What follows is musical invention on the highest level, with Haydn reveling in the nature imagery and religious conviction of the text. The aria “Rolling in foaming billows” opens with a tumultuous depiction of stormy seas before shifting into a more pastoral mode, with gently flowing first violins and long-breathed solo horns capturing the “softly purling” brook. In the recitative “In splendor bright is rising now the sun,” Haydn gives us one of the great musical sunrises, with flutes and first violins moving upward, note by note, and the other instruments adding ever-increasing “splendor” to the texture. Another vividly pictorial recitative comes in Part II, when animals spring from the earth’s “fertile womb” and Haydn crafts a little orchestral introduction for each one, from the “tawny lion” (a roar from the bassoons, contrabassoon, and strings) down to the worm, who gets a low note from the cellos and basses in a moment that unites Haydn’s love of nature with his broad and boisterous sense of humor.
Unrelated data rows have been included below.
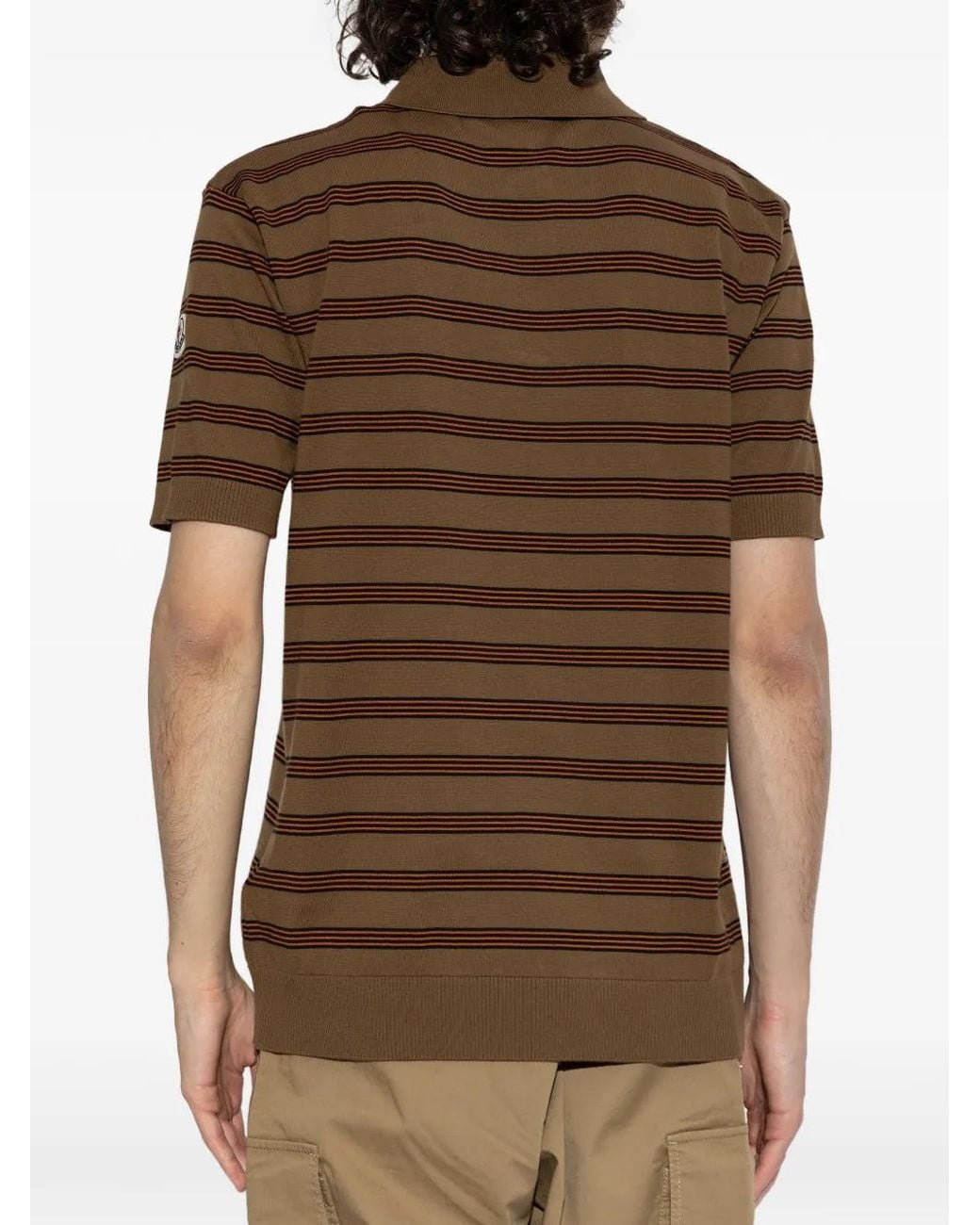 Moncler Brown Striped Polo Shirt for men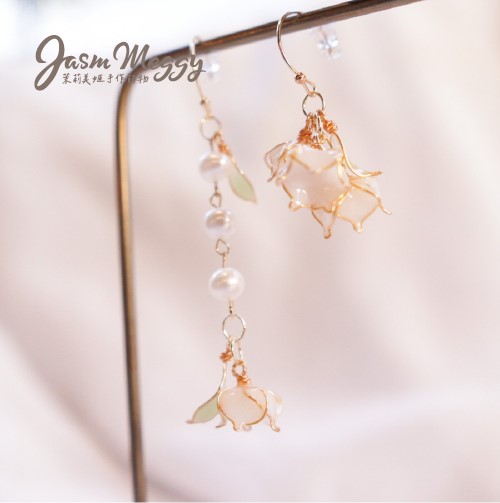 Jasmmeggy 茉莉美姬水晶花手作飾品 鈴蘭耳環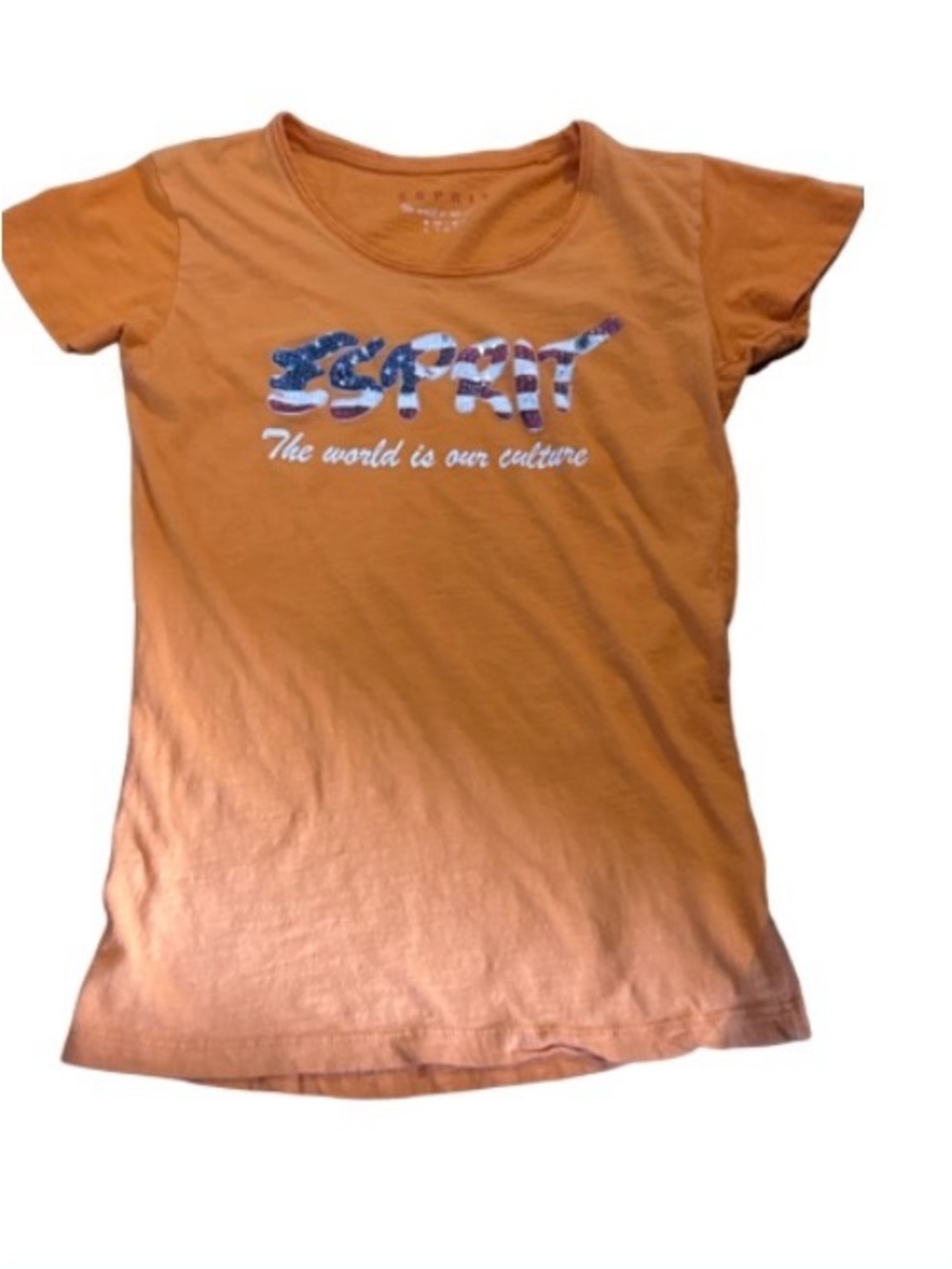 Esprit Orange  with sequin logo Short-Sleeve Graphic Tee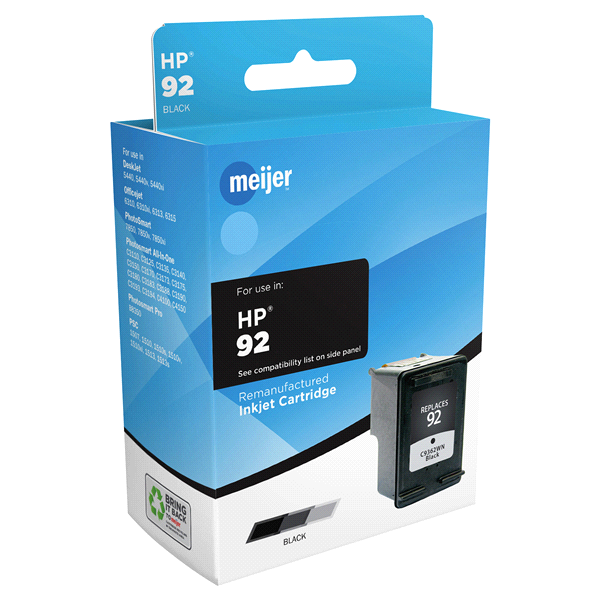 slide 1 of 1, Meijer Remanufactured Inkjet Cartridge, Replacement for HP 92, Black, 1 ct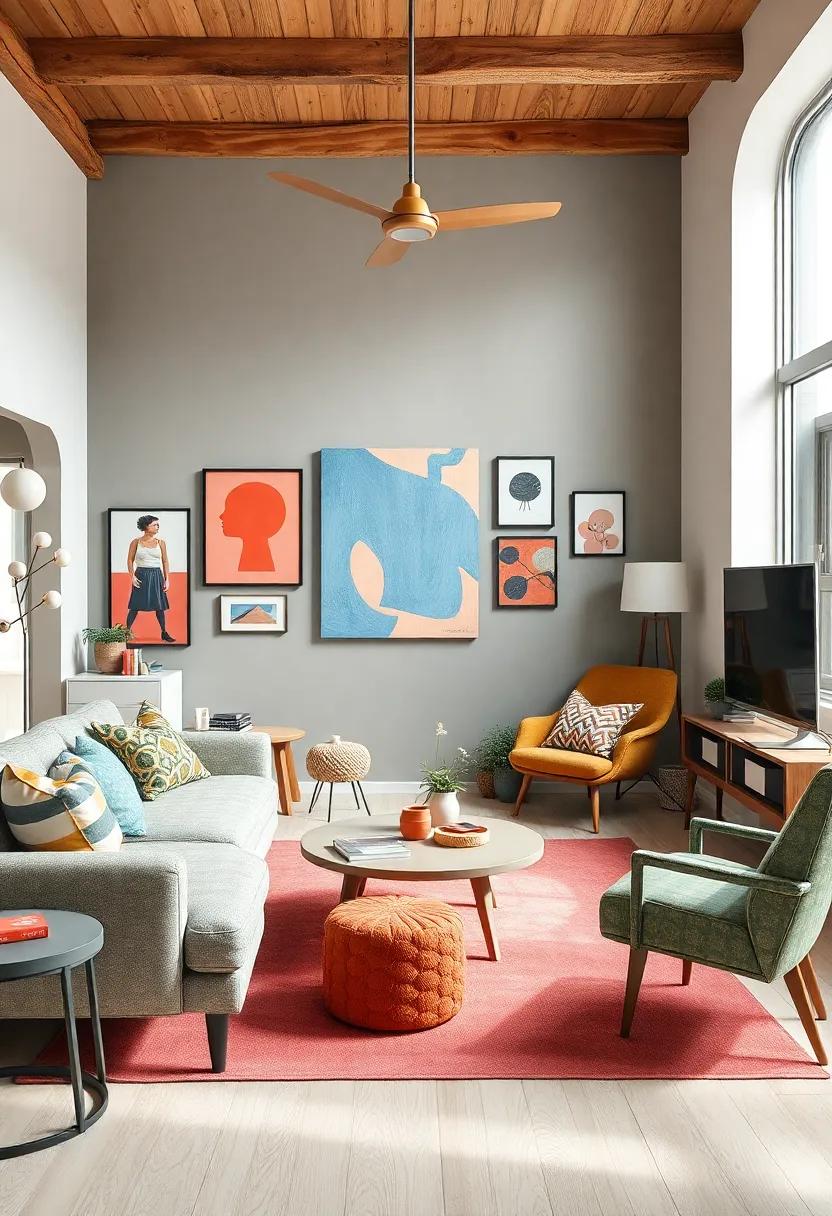 Artistic⁢ Collage​ Living room: Enter⁢ a space where every piece of furniture ⁢and decor serves as‌ a canvas for self-expression,purveying individuality ‍and style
In the arias, Haydn draws on the 18th-century operatic and folk music traditions to differentiate the archangels Gabriel, Raphael, and Uriel, who sing in Parts I and II, from Adam and Eve, who appear in Part III. The archangels’ arias are in the elevated style found in late 18th-century opera, while Adam and Eve’s duets have a more pronounced folk character. Though his stage works are seldom performed today, Haydn was a seasoned opera composer, having written – in his role as Kapellmeister (a position akin to Music Director) to the Princes Esterházy – several that found success with audiences around Europe. Raphael’s turbulent “Rolling in foaming billows” owes much to the rage arias common to the operas of the day, and his majestic aria in Part Two, “Now heav’n in fullest glory shone,” is a good example of the majestic brand of aria reserved for the operatic king- or warrior-hero. Uriel’s “In native worth and honor clad” is a different type of heroic aria, for the most part deeply reflective, with only a whiff of the battlefield at its beginning.
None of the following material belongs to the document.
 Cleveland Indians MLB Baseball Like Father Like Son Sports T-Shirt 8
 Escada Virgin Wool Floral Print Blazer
The choruses are where Haydn’s debt to Handel is most apparent. The magnificent fugue (a passage in which different voices enter in succession, imitating one another, often with a stirring cumulative effect ideally suited to sacred music) at the heart of “Awake the harp,” bookended by music of exuberant, joyous energy, reveals as much – the “Hallelujah” chorus from Messiah was probably still resounding in Haydn’s head from that 1791 Westminster Abbey commemoration. The final chorus is another such moment, with its anthem-like opening followed by a monumental double fugue. A double fugue is simply a fugue with two melodic subjects, in this case one for the words “The Lord is great, His praise shall last for aye!” and another, a moment later, to which Haydn sets “Amen,” with the two combining in an inspiring affirmation of the composer’s faith.
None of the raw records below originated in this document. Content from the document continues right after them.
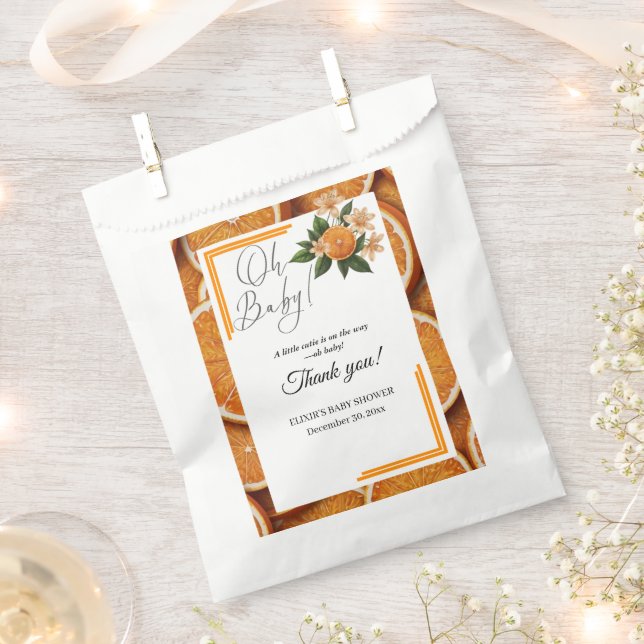 Sacolinha Querida Um Pequeno Chá de fraldas De Citros Laranj (Cortado)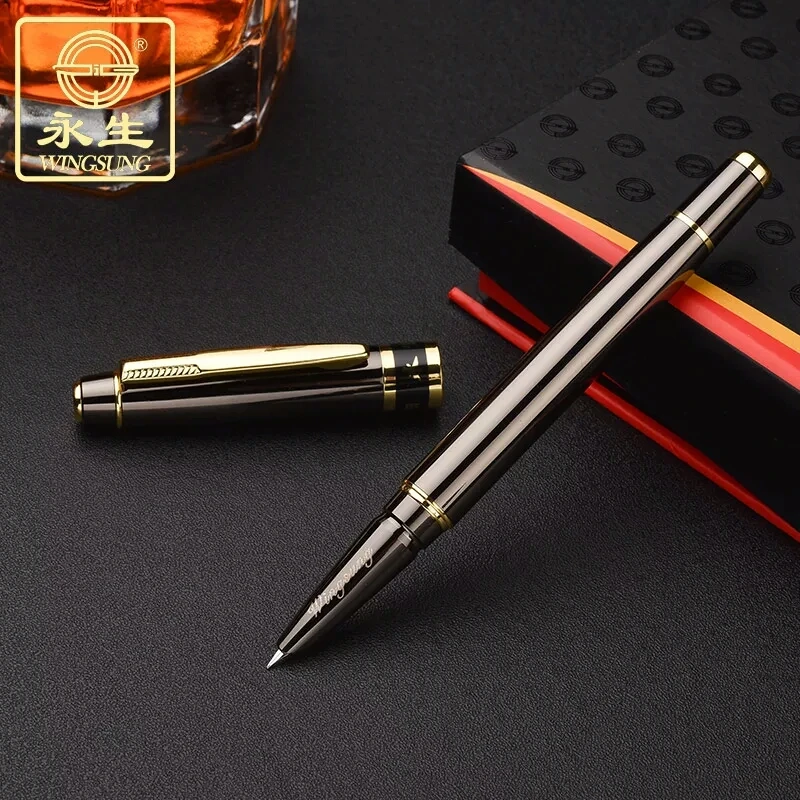 

Wholesale price wingsung Light black metal Fountain Pen Office stationery Supplies calligraphy 0.38mm nib ink Pens gift（ No Box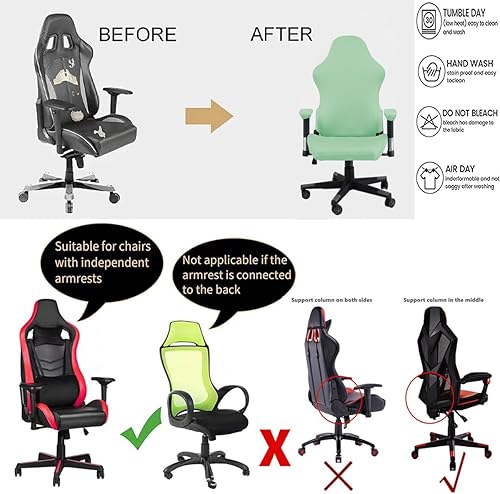 Miniatura 5 de Fundas ergonómicas para silla de oficina con reposabrazos, fundas elásticas repelentes al agua para adultos, videojuegos, reclinables, carreras y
For Haydn, The Creation was a summation of his religious convictions as well as his life’s work as a composer. Every one of his scores ended with the inscription “Laus Deo” (God be praised) or “Soli Deo gloria” (For the glory of God alone), and never was it more fitting than at the end of The Creation. And even in our world, two centuries later, The Creation still speaks eloquently to believer and non-believer alike with its lively arias and rousing choruses, and this, in the end, was what Haydn hoped his music would do. Responding to fan mail in 1802, he explained that “a secret voice whispered to me: ‘There are in this world so few happy and contented people; sorrow and grief follow them everywhere; perhaps your labor will become a source in which the man bowed down by care, or burdened with business matters, will for a while find peace and rest.’ ”
John Mangum is President and Artistic Director of the Orange County Philharmonic Society.